Well. I don't really have the struggles that learners might have with the spoken part of learning the language. Obviously, being in an environment where I'm surrounded by native Korean speaking literally all day everyday, listening is actually my strongest skill, and speaking -- as far as pronunciation goes -- is not far behind. Speaking, as in sentence structure, is a completely different story. As is spelling, because I hardly see anything in writing at all, compared to how often I hear words.
The hardest part for me (besides the fact that I'm lazy) has definitely been the fact that I can hear and learn a verb, but then I have to turn around and conjugate it several different ways, depending on who I'm speaking to. It's not that the different levels of speech are so hard to learn -- it's actually quite simple. But as an insecure second language speaker, it can be difficult to get the correct one out when you're put on the spot. If there's a verb I'm more used to using with students (speaking informally), when I go to use it with an adult, sometimes it will come out automatically in the informal form. Because my brain is scanning, trying quickly to grab ahold of the vocabulary I need, and it when it hits on the word that is the right meaning, sometimes it doesn't stop to consider, is it also the correct form in level of politeness? So, when you learn a new verb in Korean, it's not one-size-fits-all -- not only do you have to mentally edit for tense, but also for level, which means, inevitably (when I'm speaking, at least), one or the other is going to come out wrong.
Luckily, most Koreans take it in stride if you suddenly bust out with an informal expression, especially if you're obviously making an effort to use polite language. My understanding, actually, is that Koreans tend to consider the levels of speech far more difficult for foreigners to grasp than they actually are. If everything else you say is in polite form, don't sweat it too much when you come out with something casual. Most people will understand that you don't mean it.
On the other hand, I've been sort of mercilessly teased about using the polite level around close friends. When I first started learning Korean, it was in a classroom environment, where everything is taught in the polite form. When it came time to hang out at the bar on Saturday night, I was the odd one out speaking too formally for the setting, with everyone ribbing me about how awkward it was. But I had no idea how to shift down at that point, and speak more casually. Now, after stopping my Korean class and picking things up more from the students than from anywhere else, as well as pop songs, dramas and movies, I'm getting much better at being able to speak casually. Maybe too much so.

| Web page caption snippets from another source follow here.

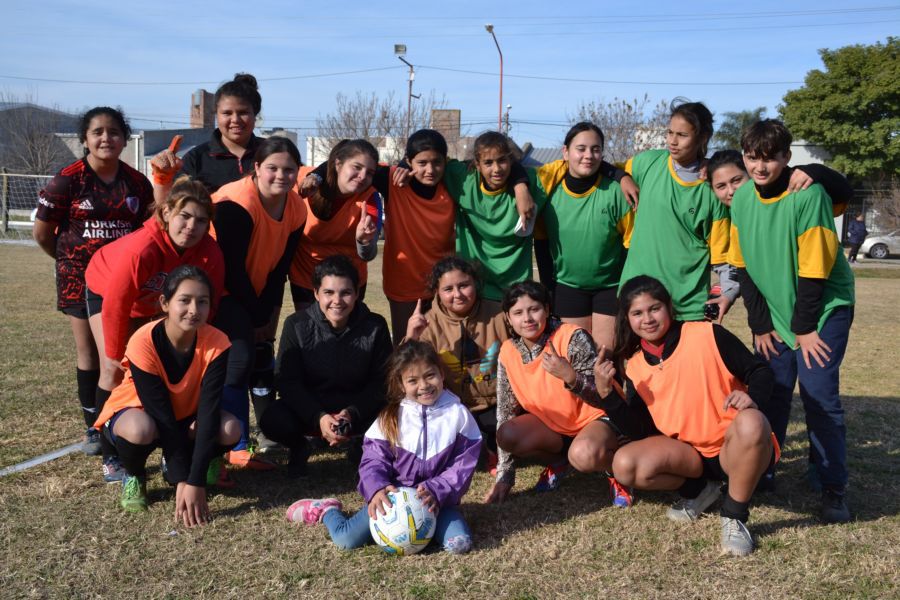 Fútbol Femenino en el Poli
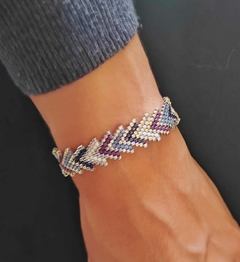 Pulseira Miyuki Escama 3 na internet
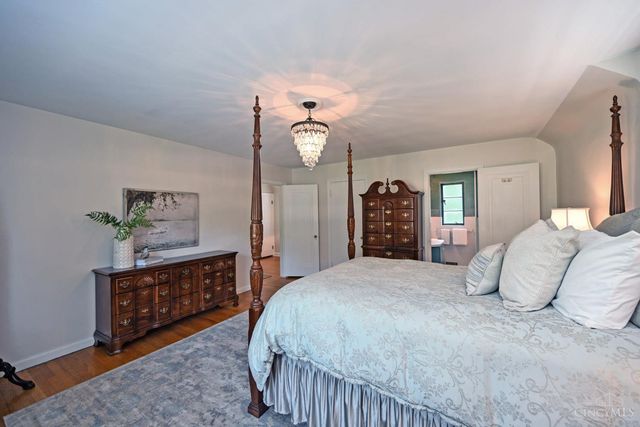 101 Linden Drive, Wyoming, OH 45215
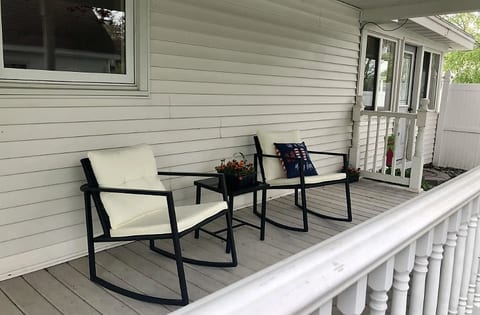 Lake Shore Lookout Upper Peninsula Home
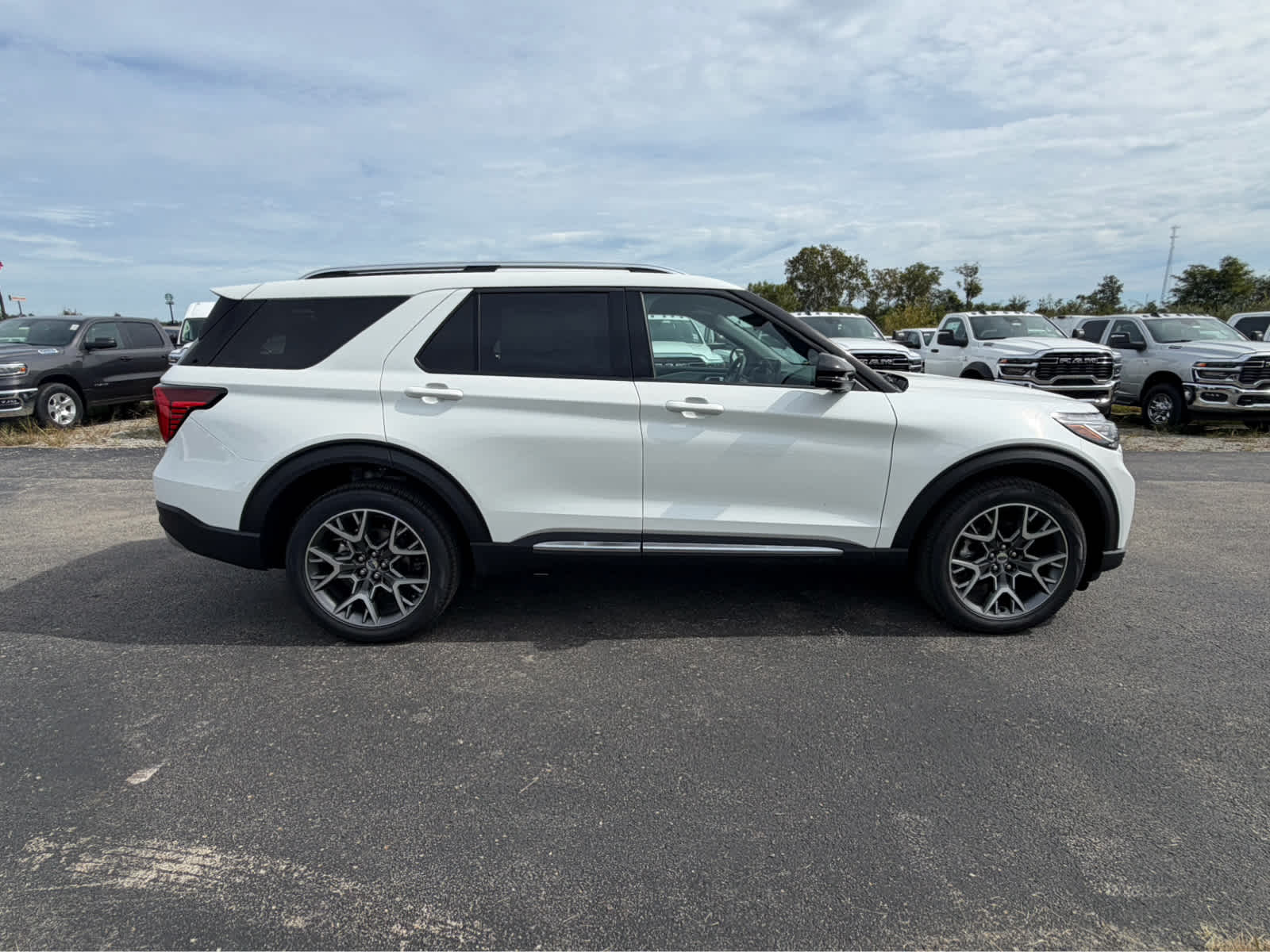 2027 Ford Explorer Platinum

That aside, as you are a classroom learner of the language, I would definitely recommend watching Korean dramas and movies to help you along. Pop songs, as well, because they are full of repetition. Of course, just passively consuming Korean language media won't do you much good. As you watch a drama, pause and listen to certain repeating expressions, phrases or words, until you can get the spelling and pronunciation down yourself. It's a great way to learn how certain words and phrases are actually used in context, which is sometimes quite different from textbook explanations. Before you start listening to a pop song on repeat, go through the lyrics in Korean and translate them into English so that you know what individual words and phrases actually mean, and they are lodged in your brain with both sound and meaning.
I feel kind of like a schmuck answering this one, to be honest, as my Korean studying has completely fallen off of late. Right now, considering things about the future, I'm not sure it's going to be a top priority for a while. But I still have benefited immensely from what I have managed to pick up here, and everyday life and interaction is much simpler and much more pleasant. So. Good luck in your studies, everyone.